▶ [Instructions to follow]: Return all the data exactly, keeping the pictures out.

Excerpts from a dataset:
··········
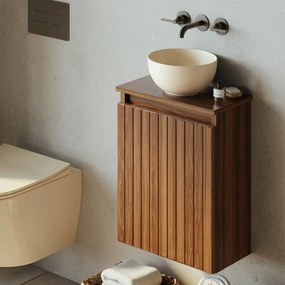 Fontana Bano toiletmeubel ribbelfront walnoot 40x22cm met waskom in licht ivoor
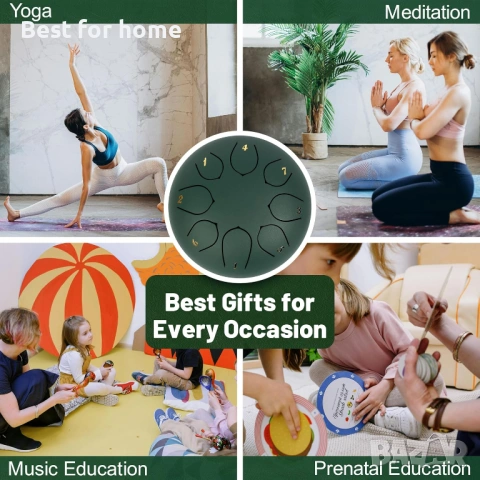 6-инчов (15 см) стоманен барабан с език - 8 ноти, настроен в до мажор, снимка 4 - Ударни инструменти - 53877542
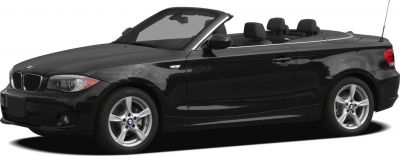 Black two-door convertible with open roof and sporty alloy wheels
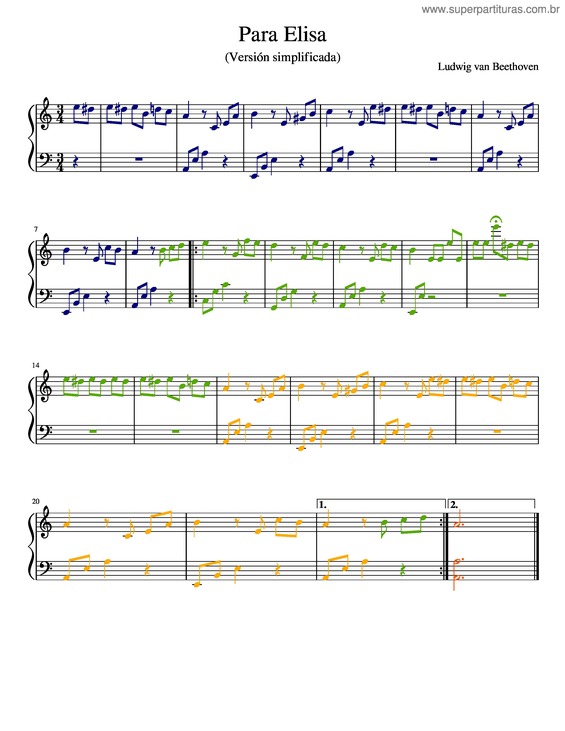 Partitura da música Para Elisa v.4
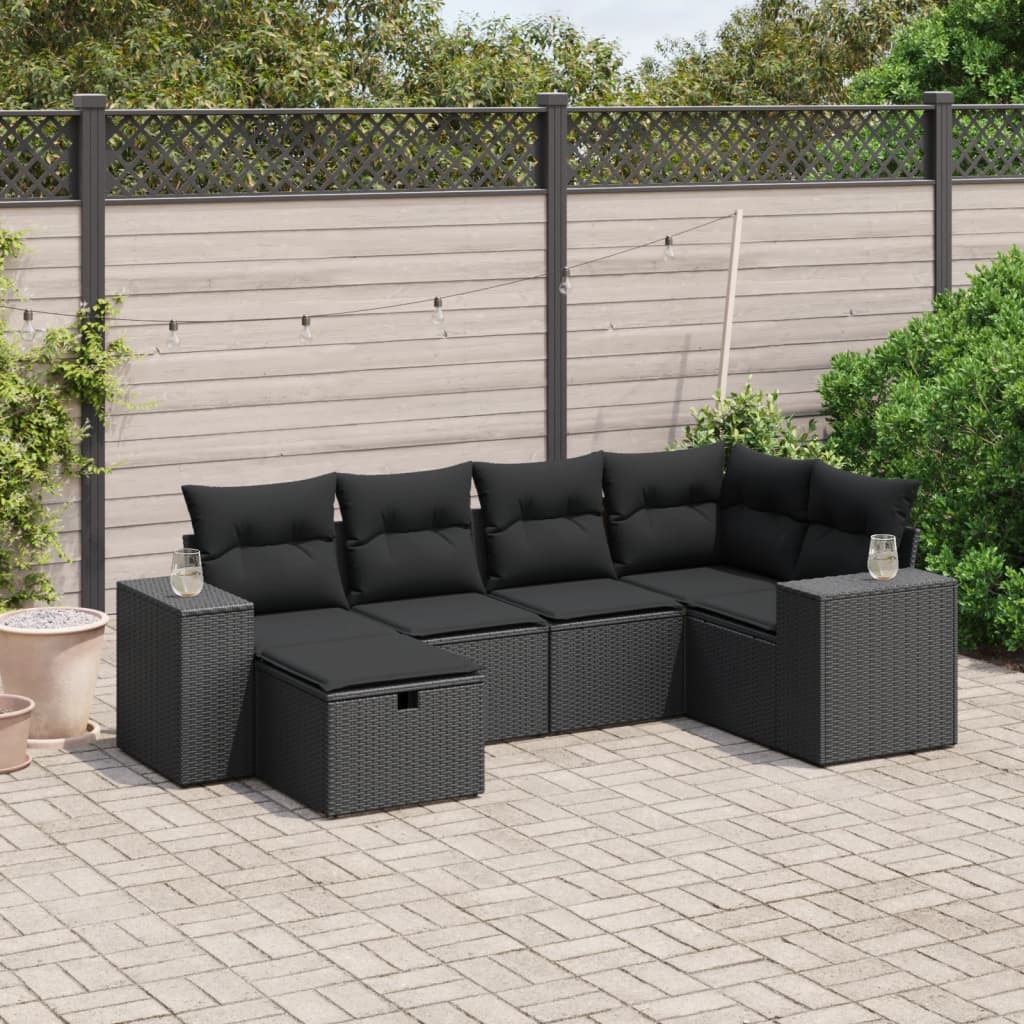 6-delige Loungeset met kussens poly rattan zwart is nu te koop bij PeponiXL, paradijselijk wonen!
··········
▶ [Written answer]:
 Fontana Bano toiletmeubel ribbelfront walnoot 40x22cm met waskom in licht ivoor
 6-инчов (15 см) стоманен барабан с език - 8 ноти, настроен в до мажор, снимка 4 - Ударни инструменти - 53877542
 Black two-door convertible with open roof and sporty alloy wheels
 Partitura da música Para Elisa v.4
 6-delige Loungeset met kussens poly rattan zwart is nu te koop bij PeponiXL, paradijselijk wonen!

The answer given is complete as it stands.